You may ask yourself: How is this an autobiography? “It’s a fictional representation of absolute fact,” said Haney-Jardine. “Every character in the film is me, and the events represent events in my life in this giant composite.”
“It’s a fictional representation of absolute fact. Every character in the film is me, and the events represent events in my life in this giant composite.”
The filmmaker (or a significant part of his anatomy, anyway) makes an appearance, and the film was co-written with Haney-Jardine’s wife, Jennifer MacDonald, and features his daughter, Perla Haney-Jardine, an actress whose credits include Kill Bill: Vol. 2 and Spiderman 3. She’s the only real actor in the film. For the rest of the cast, Haney-Jardine used people he found on the street, in convenience stores, and at Asheville’s Wal-Mart. He claimed that the film was written in situ, as they shot scenes, but insisted that it was indeed written. “There is no improvisation in the film,” he said. So how did he get such strong performances from non-actors? “It’s a trick I learned from directing TV commercials, when I would cast people from the street, people who’d never done any acting before. Basically, you have to make the camera disappear by talking a lot while you shoot.”
Haney-Jardine and his cinematographer decided to use three distinct visual designs, one for each section: from the beautiful painterly aesthetic in the beginning, with its deep hues and careful attention to framing; to the more chaotic, almost documentary feel of the second segment; to the final chapter, which Haney-Jardine wanted to feel like Masterpiece Theatre. It does, with a kind of stodgy theatricality that perfectly underscores Ralph’s character. Haney-Jardine also composed much of the soundtrack.

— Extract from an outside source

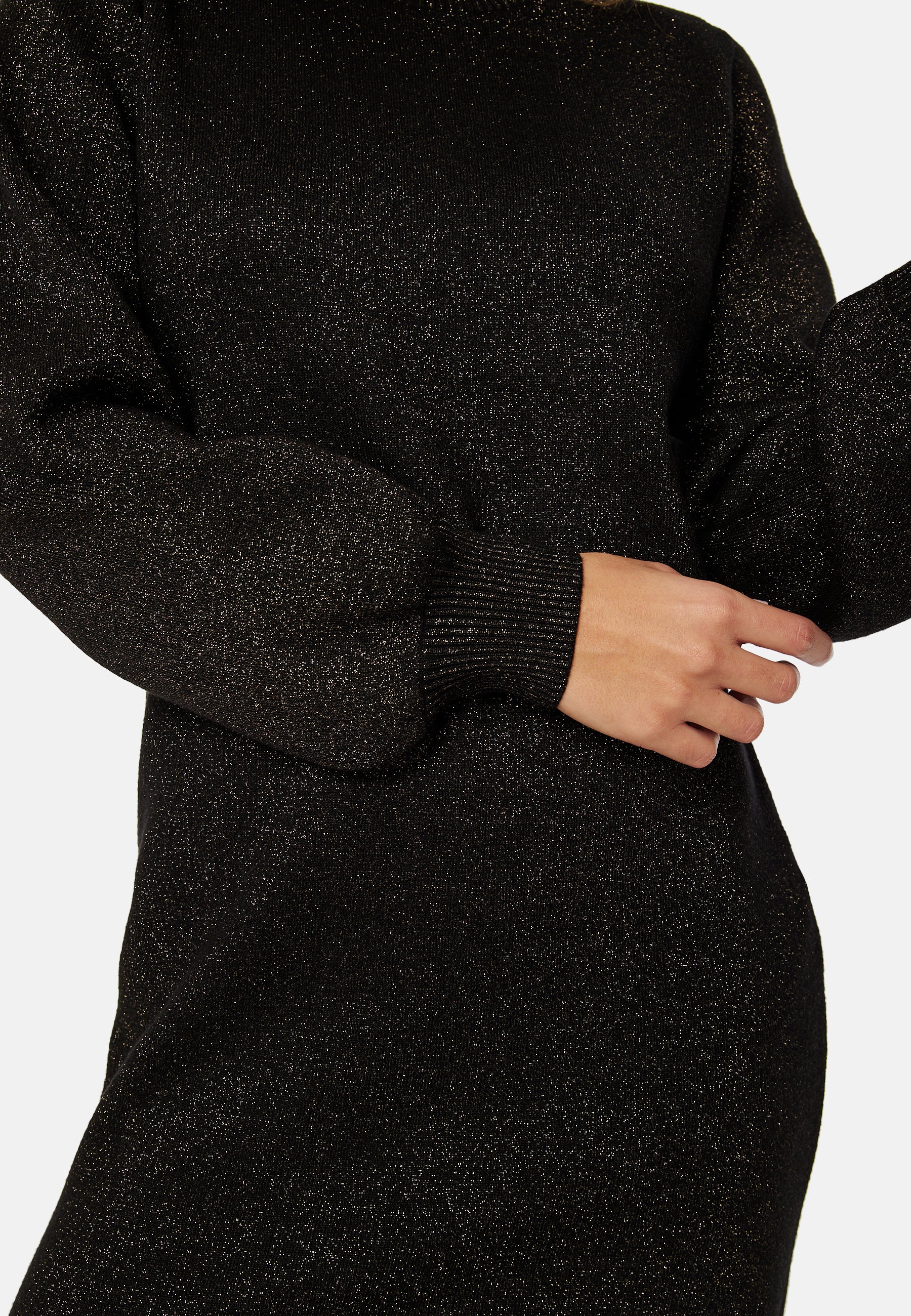 Reynard L/S Knit Dress - Image 4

The end result is a film about lots of people struggling with lots of issues, but the characters are united in being not only aspects of Haney-Jardine’s own psyche, but in their willingness to work through the struggle toward understanding. Lest this sound too dreary, the film is both hilarious and moving. “One of the things we knew from the beginning was that we couldn’t take ourselves too seriously,” insisted Haney-Jardine, adding that finishing the film has made at least one thing perfectly clear: “What I feel like now is that I would love to make movies for the rest of my life.”